GDF-15 Protein May Be Early Biomarker of Heart Disease

The levels of blood GDF-15 could detect the development and progression of heart disease in people with hereditary transthyretin (ATTRv) amyloidosis, which includes familial amyloid polyneuropathy, a new study suggests.

The study, “Plasma growth differentiation factor 15: a novel tool to detect early changes of hereditary transthyretin amyloidosis,” was published in the journal ESC Heart Failure.

ATTRv amyloidosis is caused by mutations in the TTR gene, which provides instructions for a protein called transthyretin. The mutations result in a defective protein that forms toxic deposits in tissues, mainly in the heart, nerves, and kidneys.

Patients can have a spectrum of symptoms affecting multiple organs and body systems. When they experience polyneuropathy, or nerve damage, they have a subtype of the disease called familial amyloid polyneuropathy.

ATTRv’s rarity and variable symptoms often lead to diagnostic delay and/or misdiagnosis. Prompt diagnosis matters, however, because early intervention is critical to effectively manage the disorder.

Cardiac symptoms are one of the initial changes in patients with ATTRv amyloidosis and can be detected by increased levels of the cardiac biomarkers brain natriuretic peptide (BNP) and troponin T (TnT). However, it remains unclear whether such biomarkers change with the progression of heart disease.

The growth differentiation factor 15 (GDF-15) protein is associated with cardiac stress and has been proposed as a useful biomarker of disease development and progression in people with heart disease. It also can predict prognosis in patients with another form of amyloidosis called amyloid light‐chain amyloidosis.

Researchers at Kumamoto University, Japan, now investigated whether GDF-15, BNP, and TnT levels could detect early heart changes in ATTRv amyloidosis, potentially helping patients receive treatment earlier.

The study included 32 patients with ATTRv amyloidosis (mean age 51.1 years, 53% male), eight asymptomatic TTR mutation carriers (mean age 33.6, 25% male), and eight healthy volunteers (mean age 32.0, 63% male) examined from October 2016 to May 2017.

Regarding TTR gene variants, 27 patients had the V30M mutation, two had Y114C, and the G47R, T49S, and G61L mutations were found in one patient each. In the asymptomatic TTR mutation carriers, five had the V30M variant, two S50I, and one the G47R variant.

In addition to measuring blood levels of GDF-15, BNP, and TnT, the team performed imaging studies of the heart, including echocardiogram, Tc-99m-PYP scintigraphy (a test that measures amyloid deposits in the heart) and magnetic resonance imaging (MRI), which is used to detect scarred tissue in the heart.

Results showed that blood levels of GDF-15, BNP and TnT were significantly increased in ATTRv patients in comparison with asymptomatic TTR mutation carriers and healthy volunteers. But only GDF-15 could also distinguish asymptomatic TTR mutation carriers from healthy volunteers.

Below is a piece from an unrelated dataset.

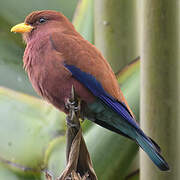 Broad-billed Roller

In patients with ATTRv amyloidosis, GDF-15 levels significantly correlated with BNP and TnT levels, as well as C-reactive protein — a standard marker of inflammation — and with the thickening of the heart muscle, which is indicative of heart disease.

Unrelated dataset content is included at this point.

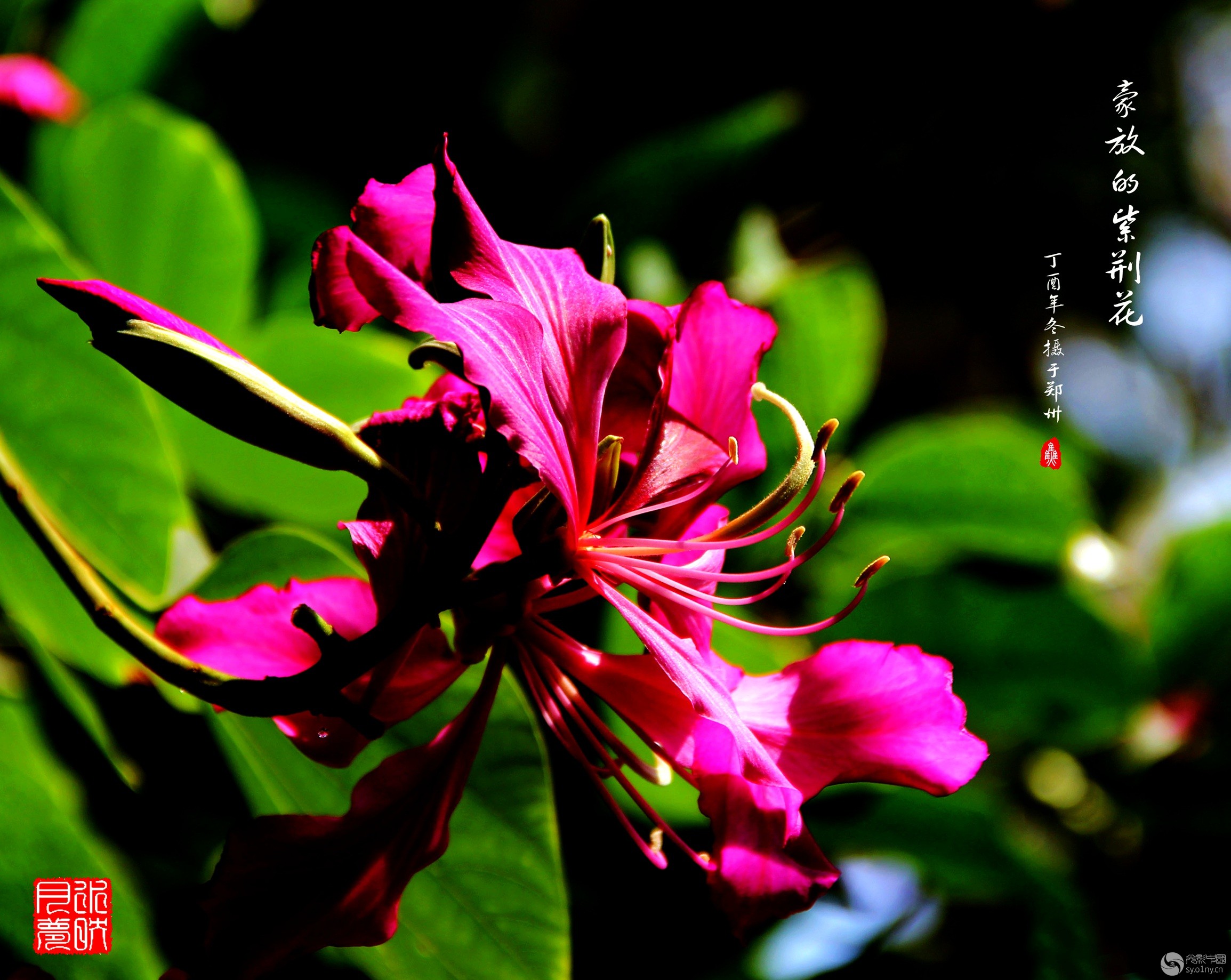 IMG_7353.jpg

Among the 32 patients, 16 underwent PYP scans and 13 had cardiac MRI. The team found that patients who were positive for amyloid deposits in PYP scans, or positive for scarred tissue in MRI scans, had significantly higher levels of GDF-15 than those with negative findings in the scans.

However, BNP and TnT could not significantly discriminate positive from negative patients in PYP scans, and BNP also could not distinguish patients with and without heart fibrosis.

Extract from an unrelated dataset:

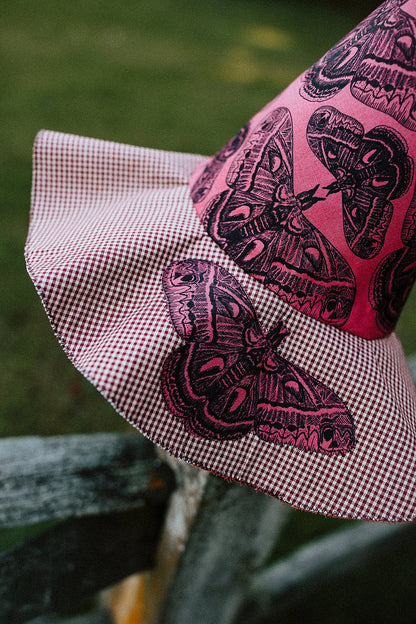 Witch Hat Moth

GDF-15 levels also were greater in late-onset patients, who showed positive findings in PYP and MRI scans, than in early-onset patients. Again, the findings indicated that GDF-15 levels could predict the progression of heart disease in ATTRv patients.

“We showed that plasma GDF-15 levels increased even in asymptomatic subjects with TTR mutations and in patients with ATTRv amyloidosis, whereas plasma BNP values and serum hs‐TnT values did not increase in asymptomatic subjects with TTR mutations,” the researchers wrote.

“In patients with ATTRv amyloidosis, plasma GDF-15 levels were significantly correlated with cardiac findings including plasma BNP values, serum hs‐TnT values, IVSTd, PYP findings, and cardiac MRI results,” the researchers wrote.

However, researchers noted some limitations to their findings, including that results should be confirmed in multicenter studies and that GDF-15 levels should be evaluated after treatment.

Also, researchers recognize that the prognostic value of GDF-15 in ATTRv amyloidosis should be validated to clarify its role in the disease. Lastly, it remains to be investigated whether GDF-15 levels increase in early stages of other heart diseases.

Nonetheless, the team concluded that “GDF-15 may reflect early [disease] changes of ATTRv amyloidosis.”